• WHAT YOU HAVE TO DO:
The answer must be an exact copy of every entry, with no pictures in it.

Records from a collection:

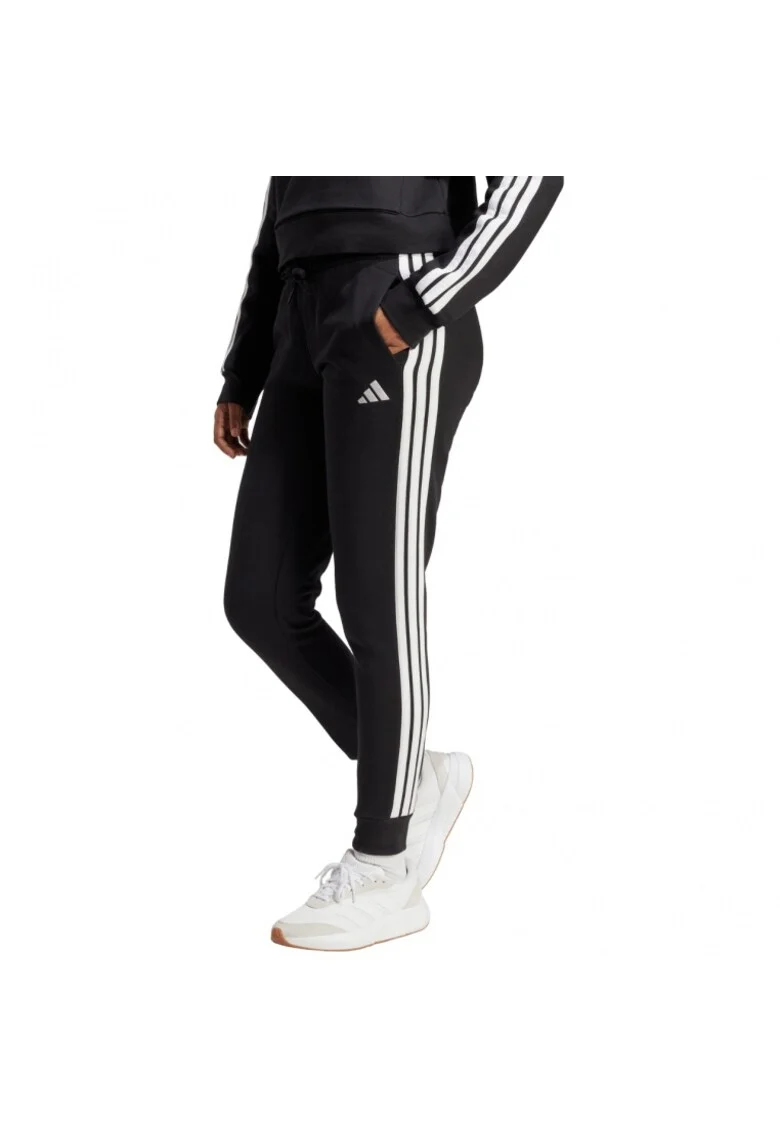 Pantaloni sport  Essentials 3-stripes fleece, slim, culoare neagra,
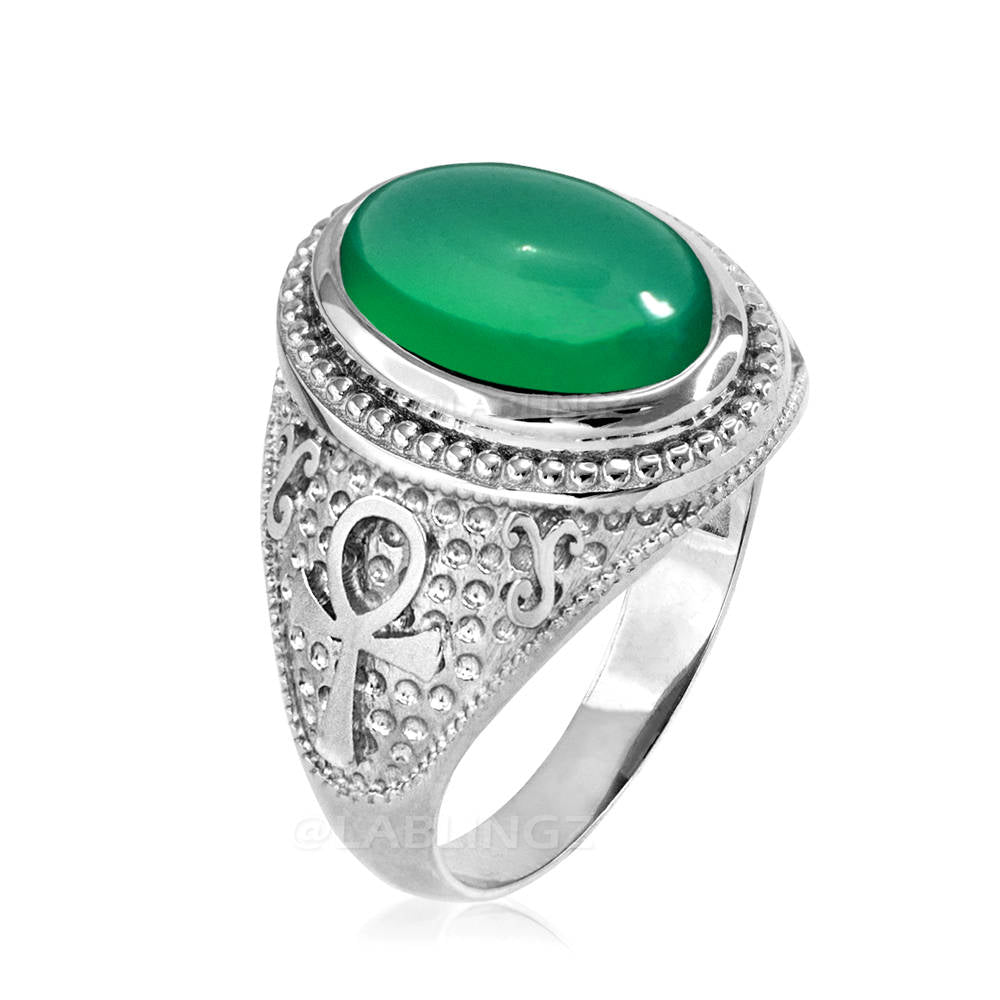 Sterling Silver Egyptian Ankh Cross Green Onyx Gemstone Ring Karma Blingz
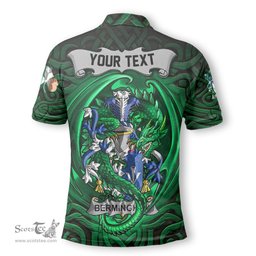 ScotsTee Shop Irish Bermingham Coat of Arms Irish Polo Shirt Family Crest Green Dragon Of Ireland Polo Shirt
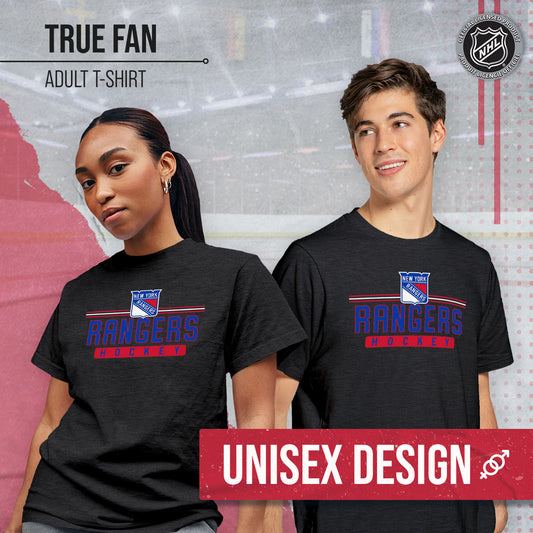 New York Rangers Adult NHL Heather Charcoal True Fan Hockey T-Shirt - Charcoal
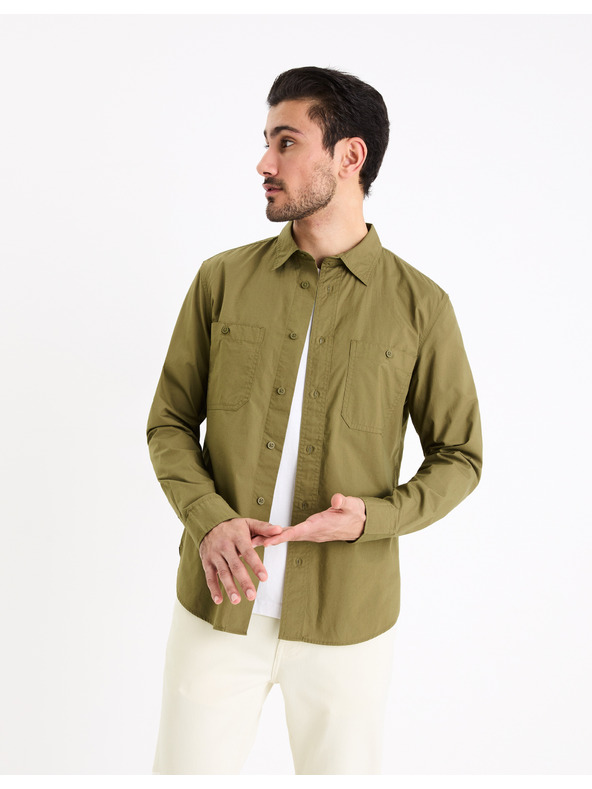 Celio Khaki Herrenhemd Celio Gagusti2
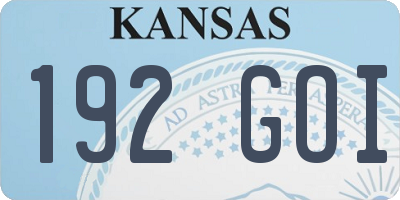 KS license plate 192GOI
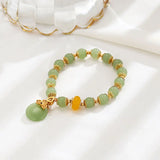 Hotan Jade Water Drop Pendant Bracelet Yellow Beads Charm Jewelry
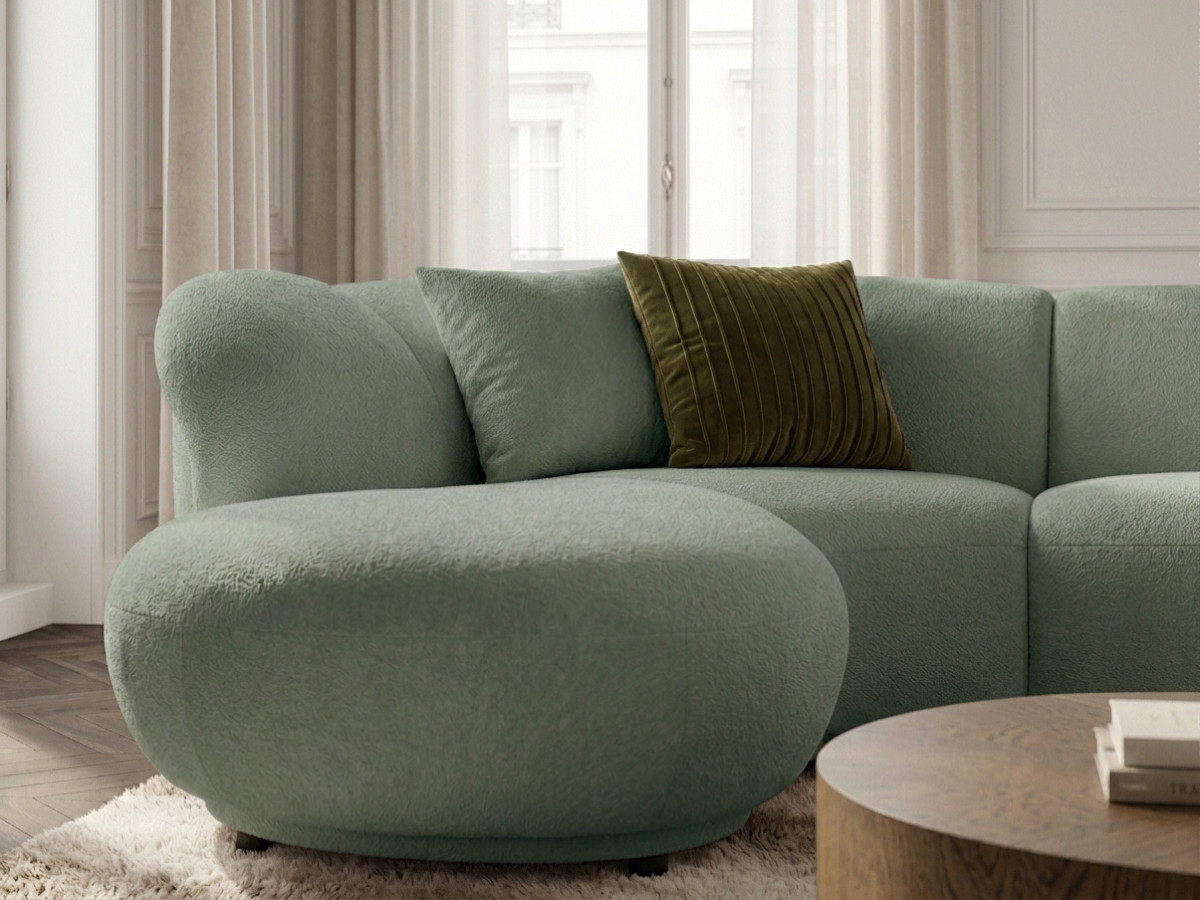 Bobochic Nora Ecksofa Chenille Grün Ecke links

• REPLY TO THE TASK:
 Pantaloni sport  Essentials 3-stripes fleece, slim, culoare neagra,
 Sterling Silver Egyptian Ankh Cross Green Onyx Gemstone Ring Karma Blingz
 ScotsTee Shop Irish Bermingham Coat of Arms Irish Polo Shirt Family Crest Green Dragon Of Ireland Polo Shirt
 New York Rangers Adult NHL Heather Charcoal True Fan Hockey T-Shirt - Charcoal
 Celio Khaki Herrenhemd Celio Gagusti2
 KS license plate 192GOI
 Hotan Jade Water Drop Pendant Bracelet Yellow Beads Charm Jewelry
 Bobochic Nora Ecksofa Chenille Grün Ecke links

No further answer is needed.